Ein Bürgermeister!?

Wäre das Ganze nicht irgendwie ernst, könnte man getrost von einer Posse sprechen: Doch der Hickhack zwischen dem wortgewaltigen Ortsbürgermeister Thomas Günther aus der Rheinhessen-Gemeinde Nierstein und dem Mainzer Leitenden Oberstaatsanwalt Klaus Puderbach um eine umgefahrene Laterne, den Verdacht von Falschaussage und die Amtsbezeichnung "Bürgermeister" haben sich über Wochen zu einem kleinen Krieg hochgeschauckelt.

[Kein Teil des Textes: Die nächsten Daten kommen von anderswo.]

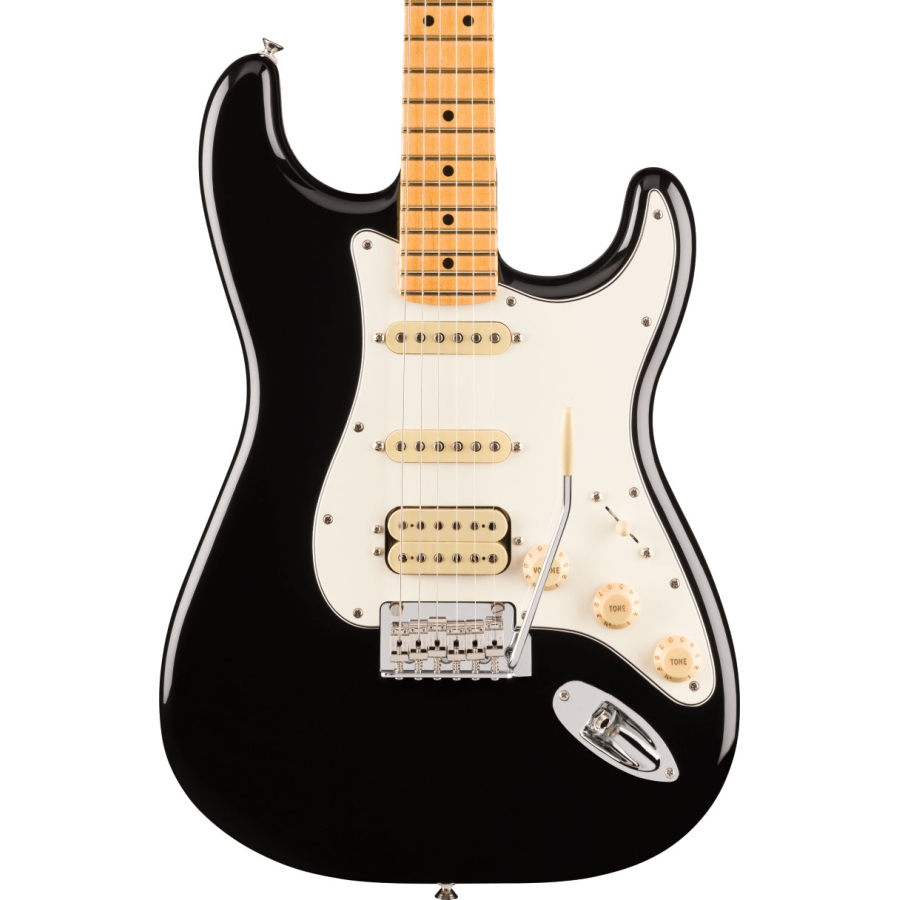 Fender Player II Stratocaster HSS MN Black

Für nachhaltigen Verdruss sorgt dabei vor allem ein Strafbefehl über sechs Monate Haft auf Bewährung und 3000 Euro Geldstrafe, der den ehrenamtlichen Ortschef ereilte. Dabei hatte alles relativ harmlos angefangen: Ein Bürger informierte Günther über eine gerammte Straßenlaterne und der gab die "vertrauliche" Schadensmeldung an das Elektrizitätswerk weiter, jedoch ohne den Informanten zu nennen. So gab es eine Anzeige wegen Unfallflucht gegen unbekannt. Eineinhalb Jahre nach dem Vorfall flatterte Günther dann von den Strafverfolgern die Aufforderung ins Haus, den Informanten zu nennen. Doch der konnte sich nach eigenen Angaben nicht mehr erinnern - und wenn er sich erinnern könnte, wollte er den Namen nicht preisgeben. Das postwendend eingeleitete Ermittlungsverfahren wegen Falschaussage endete mit dem Paukenschlag Strafbefehl, auch wenn der aus Sicht Puderbachs noch "moderat ausfiel". Und weil der heftig protestierende Rathauschef, der eine Kampagne seiner politischen Gegner vermutet, in seinen Schreiben auch noch den Titel "Bürgermeister" verwendete, gab es gleich die nächsten Ermittlungen. Schließlich ist laut Gemeindeordnung festgelegt, "die Bürgermeister der Ortsgemeinden führen die Amtsbezeichnung Ortsbürgermeister". Nun wussten auch viele Kollegen Günthers nicht mehr, ob sie lachen oder weinen sollten, fühlten sie sich doch alle als Bürgermeister. Die CDU-Fraktion hat für ihren Parteifreund sogar eine Anfrage an das Innenministerium gestartet, um Aufklärung zu erhalten. Die Ermittlungen wegen des "Titel-Missbrauchs sind inzwischen vom Tisch", sagte Puderbach, der nun nur geringes Verschulden erkennen kann. In Sachen "Falschaussage" wird es nach Günthers Einspruch wohl eine Verhandlung geben. Der Informant hat sich übrigens inzwischen selbst "enttarnt".